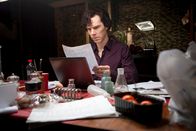 Sherlock – Sherlock Holmes (Benedict Cumberbatch)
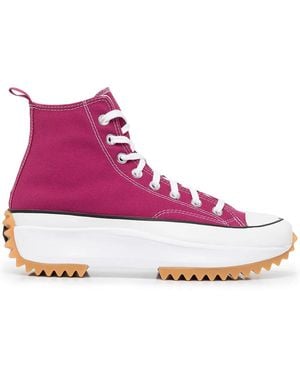 Converse Sneakers alte Run Star Hike - Multicolore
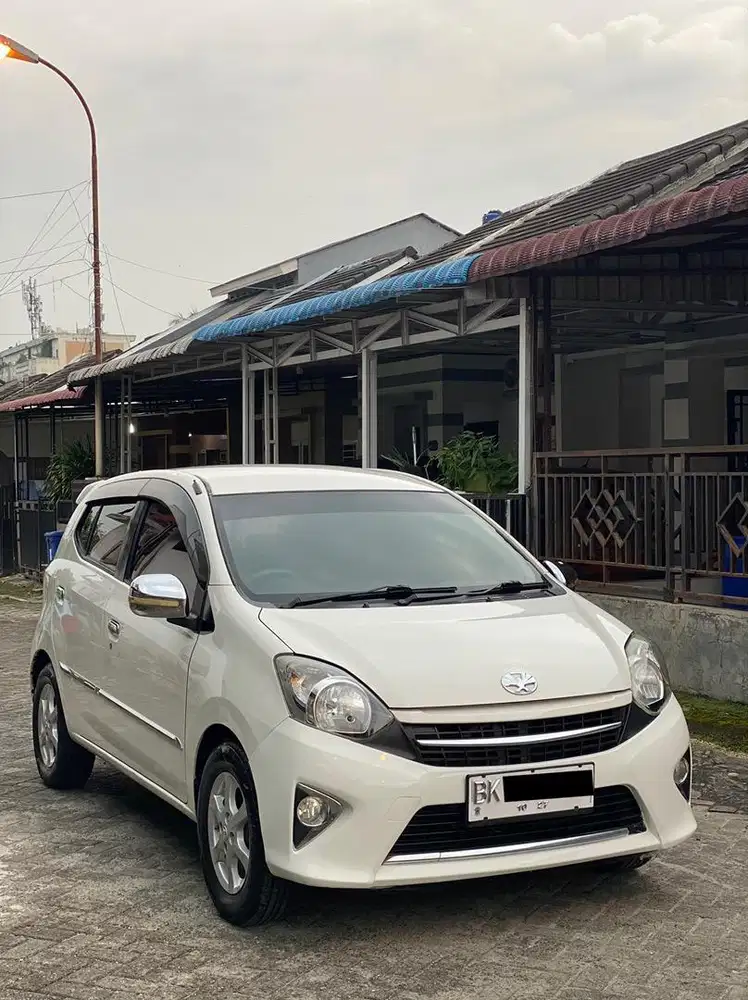 Toyota Agya 1.0 G MT 2016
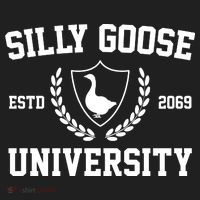 Silly Goose University Women's Sweatshirt thumb 2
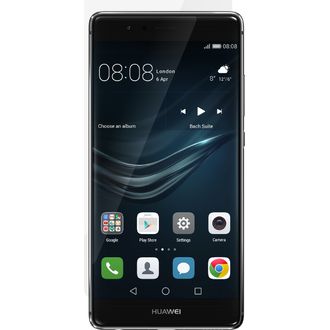 Huawei P9 Dual SIM, Titanium grey (šedý)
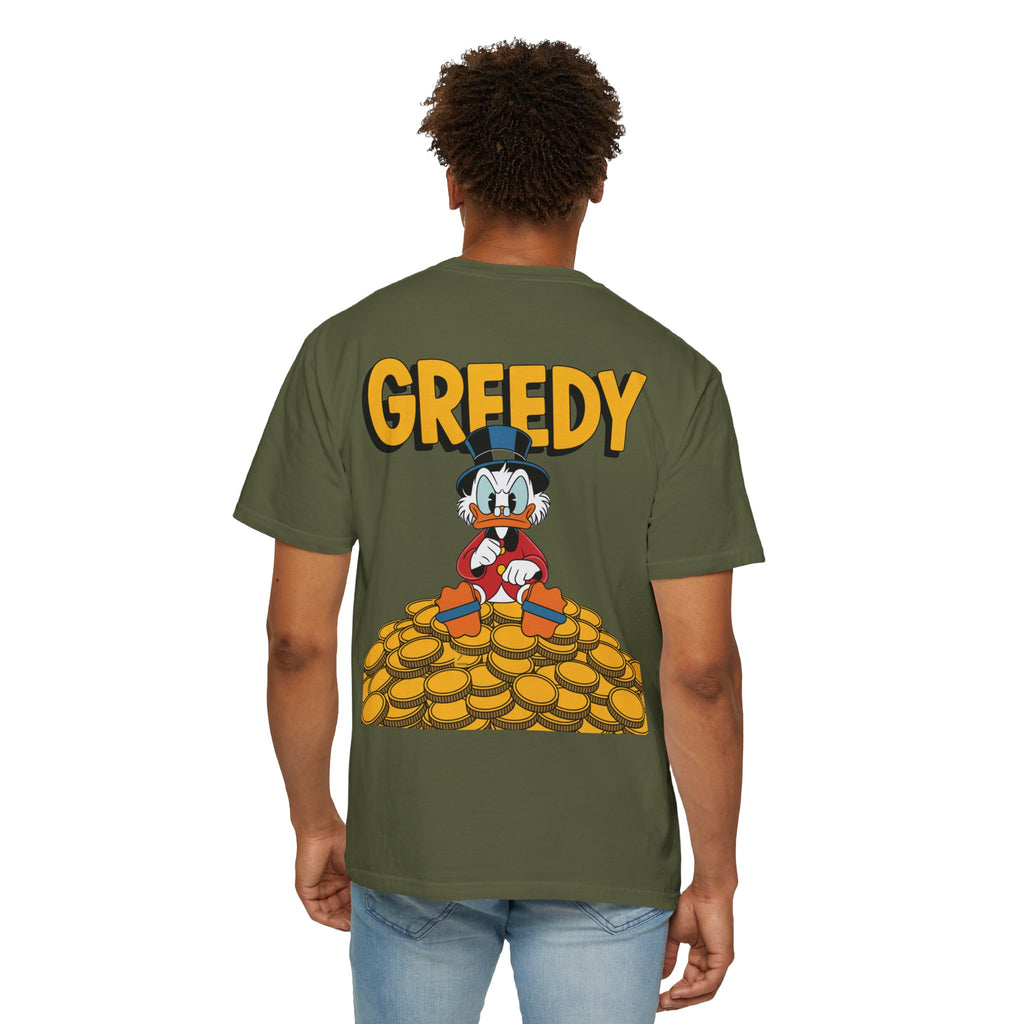 Greedy T-shirt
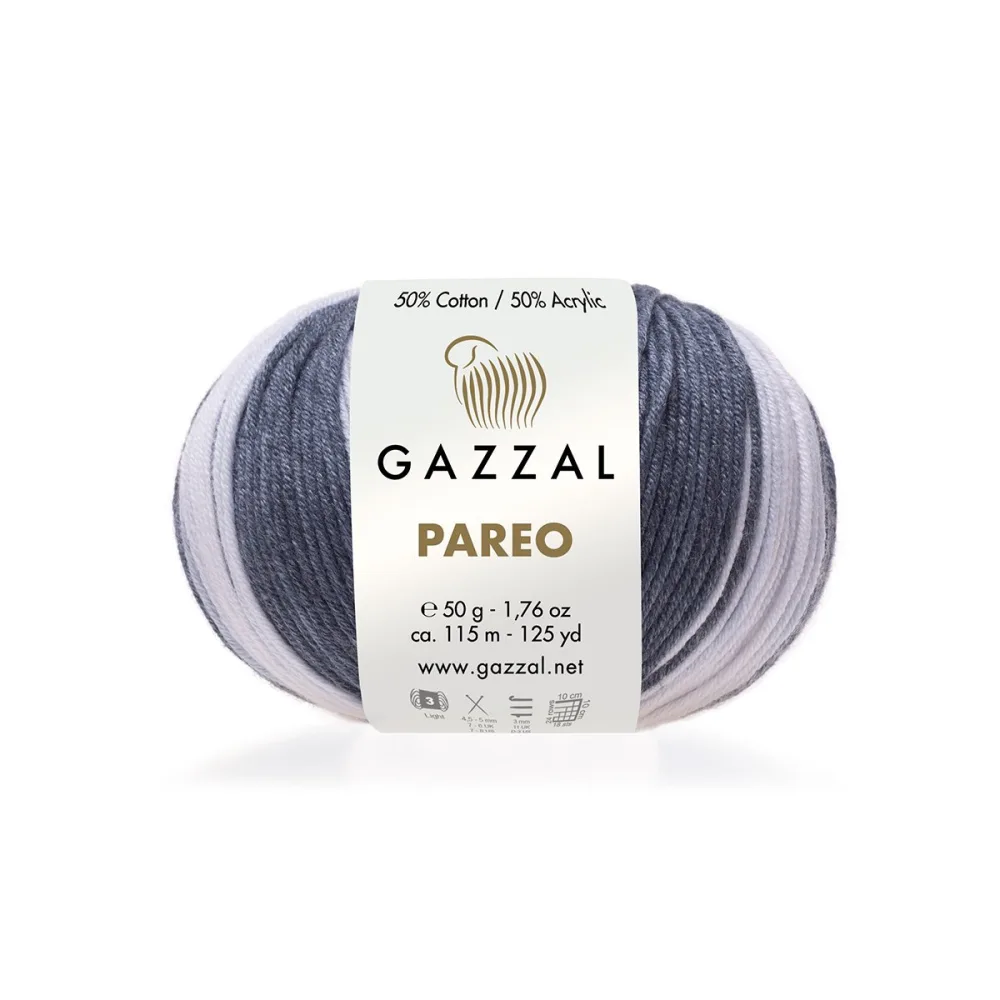 GAZZAL PAREO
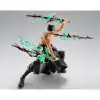 Imagen de **PREVENTA**S.H. Figuarts One Piece: Roronoa Zoro -The King of Hell- Tamashii Exclusive
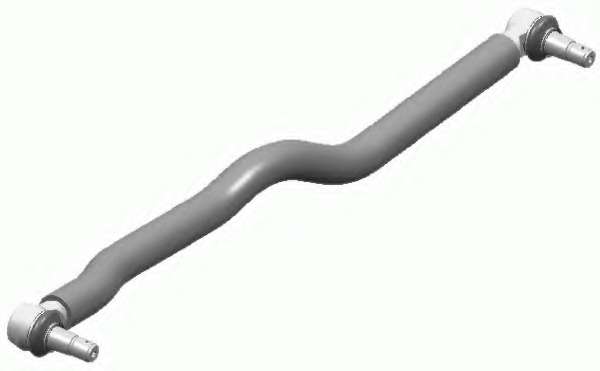 Продольная рулевая тяга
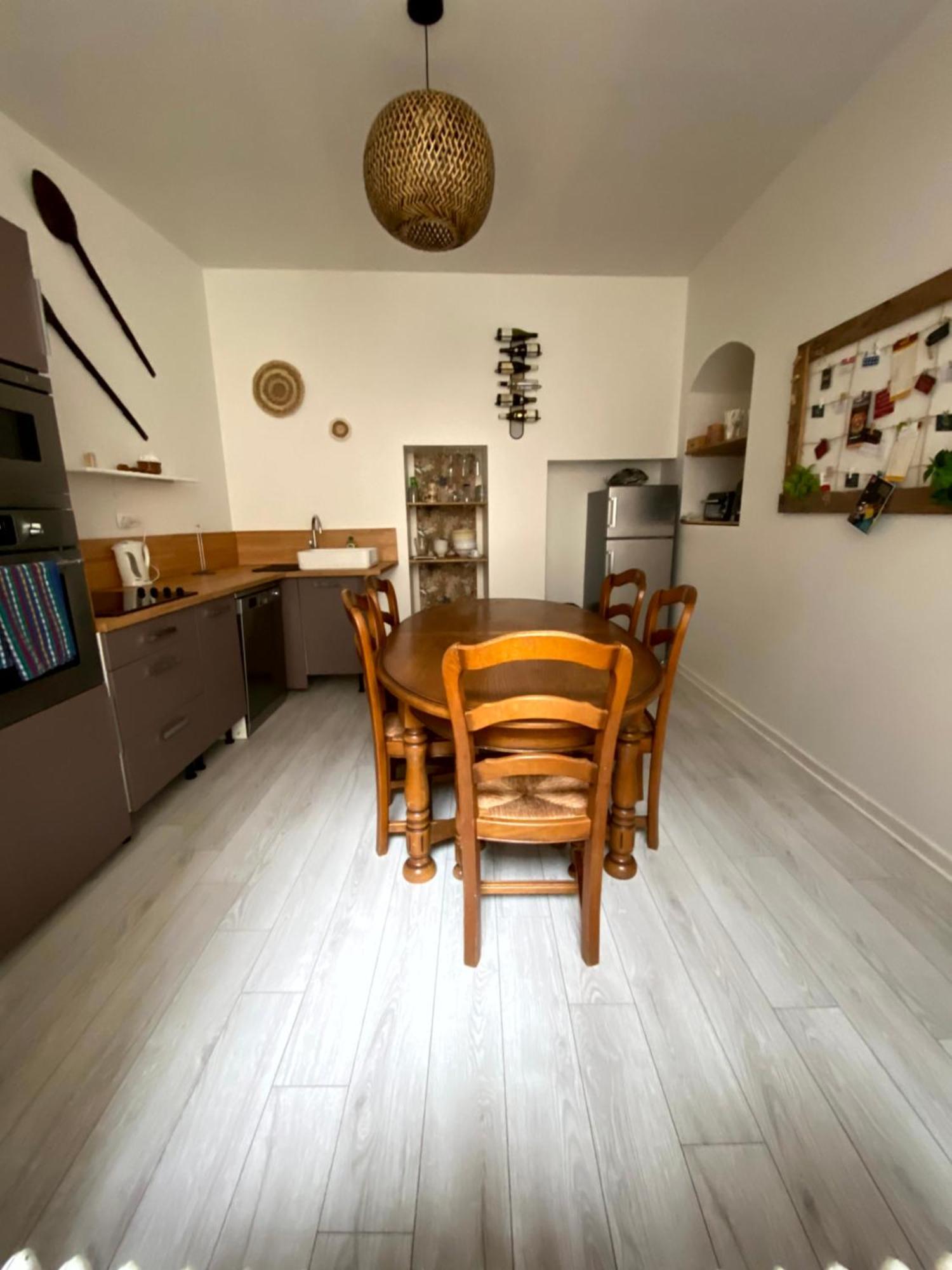 L'atelier Apartment Avallon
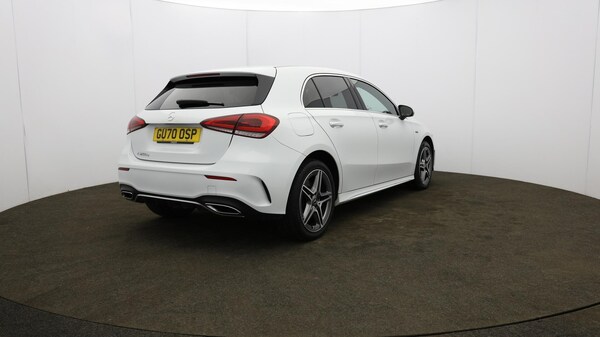 Used Mercedes-Benz A-Class 2020 for sale - 76227872: Photo 62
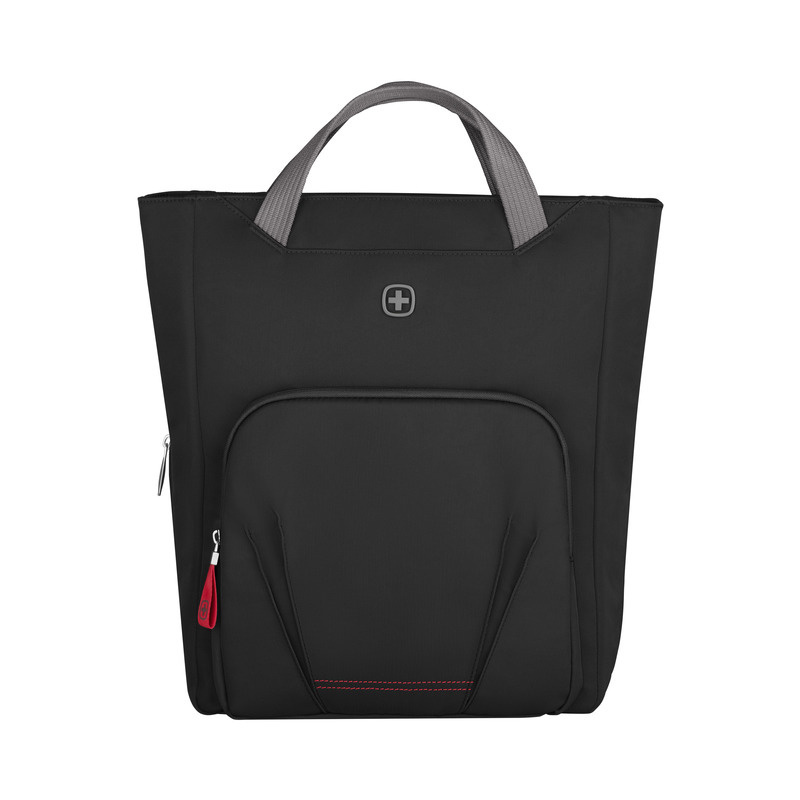 Logo trade liikelahjat mainoslahjat kuva: Reppu Wenger Motion Vertical Tote 15,6"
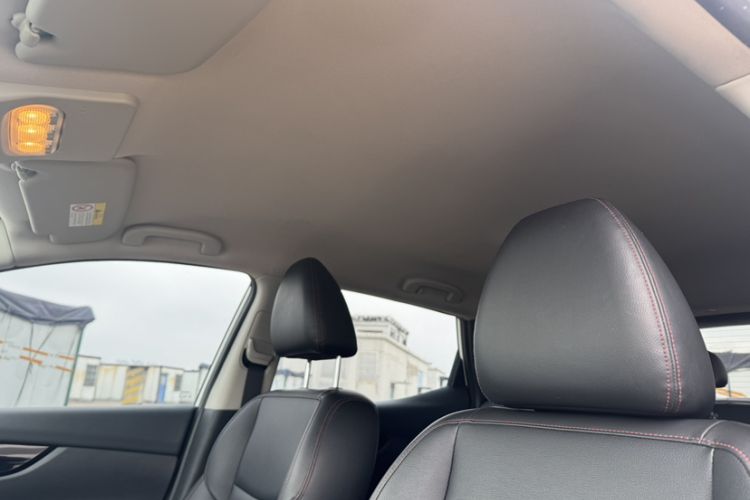 Used Nissan Qashqai 2022 2.0L CVT XV Smart Enjoyment Version Headliner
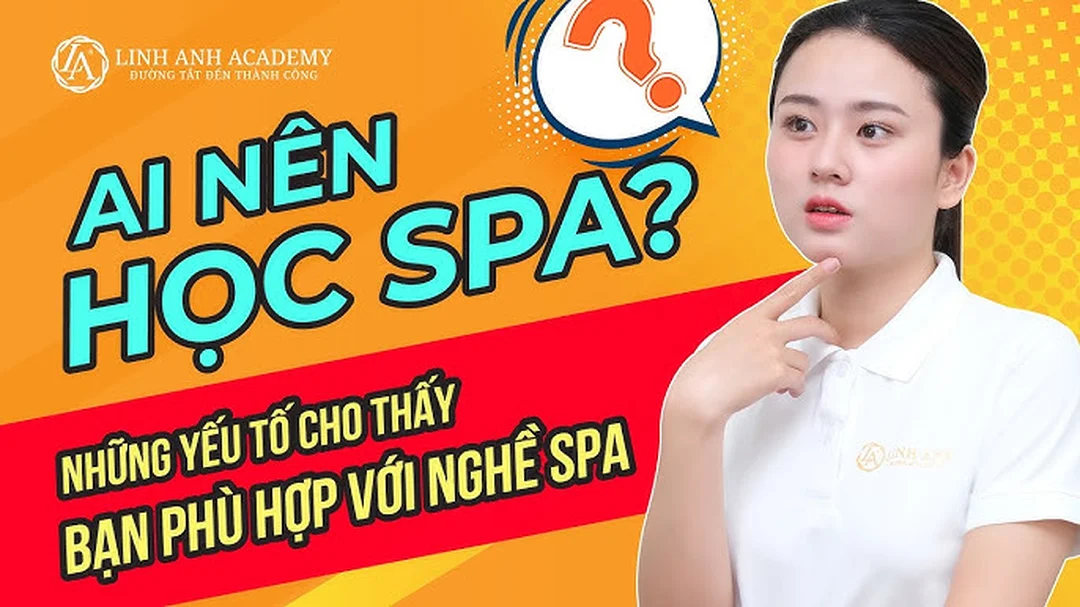 Học nghề chăm sóc da spa có khó không?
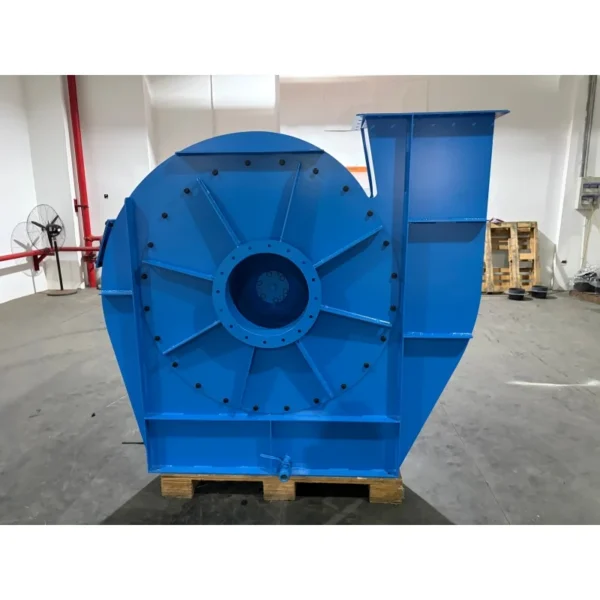 Centrifugal Blower, Roof, Radial - view 3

━━━━━━━━

#### YOUR ASSIGNMENT:
In the entries above, find the line with "Converse Sneakers alte" and the line with "L'atelier Apartment Avallon". Write out exactly those two lines and every line between them, pictures excluded.

#### TASK OUTPUT:
 Converse Sneakers alte Run Star Hike - Multicolore
 Toyota Agya 1.0 G MT 2016
 Silly Goose University Women's Sweatshirt thumb 2
 Huawei P9 Dual SIM, Titanium grey (šedý)
 Greedy T-shirt
 GAZZAL PAREO
 Imagen de **PREVENTA**S.H. Figuarts One Piece: Roronoa Zoro -The King of Hell- Tamashii Exclusive
 Продольная рулевая тяга
 L'atelier Apartment Avallon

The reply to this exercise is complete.